A leading property agent has come up with a new formula to help high street licensees avoid the higher rents paid by the big retail chains.
Fleurets fears that hundreds of lone operators and tenants running unbranded pubs could lose out in rent reviews.
Its Profits Test method is designed to prevent property landlords forcing every licensee to pay the same rent as the likes of All Bar One or Hogshead.
The company proposes that rents should be assessed on the basis of profitable floor space. Toilets, kitchens and cellars would be excluded.
Chairman Barry Gillham said: "We are working on a uniform analysis to give landlords and operators a fair deal."
A spokesman added: "We will study customer floor area and its relationship to actual sales per square foot and rent per square foot. Low sales will indicate problems associated with location or operational factors and higher sales the opposite."
Comparisons will be made to ensure that similar outlets are charged similar rents.
Current evaluation methods concentrate on either profitability or square footage, but Fleurets thinks these are flawed.
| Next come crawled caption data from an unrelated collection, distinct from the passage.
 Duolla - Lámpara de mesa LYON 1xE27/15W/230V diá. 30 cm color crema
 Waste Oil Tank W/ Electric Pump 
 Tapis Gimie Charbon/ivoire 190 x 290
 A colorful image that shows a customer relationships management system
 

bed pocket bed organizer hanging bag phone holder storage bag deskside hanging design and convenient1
The spokesman added: "There is little by way of a common standard and operators face a disadvantage." He said that landlords would simply choose the method which would produce the highest rent.
He added: "There is an unpleasant mix of inexperienced retail surveyors dabbling within a market where they have no understanding of the operators involved. We believe this is a dangerous cocktail guaranteed to harm the basis of rental settlements."
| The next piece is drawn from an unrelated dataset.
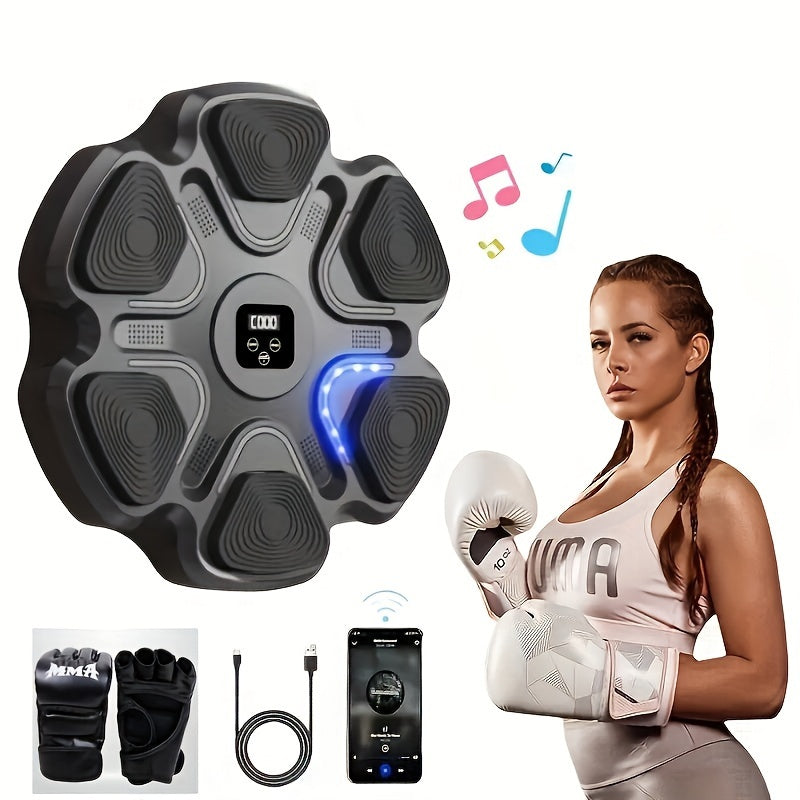 Treinador inteligente de boxe musical de parede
Fleurets admits what it calls its Third Way is complex, taking into account a number of factors. But it says this is necessary to avoid town centre tenants paying over the odds.
Fleurets plans to promote its new method through lectures and publicity material.
Fleurets' annual survey shows that the average rent on a High Street London pub is just over £130,000. Outside London the figure drops to £100,000.
This compares to £60,000 and £36,000 respectively for other pubs. Rents are rising by twice the rate of inflation.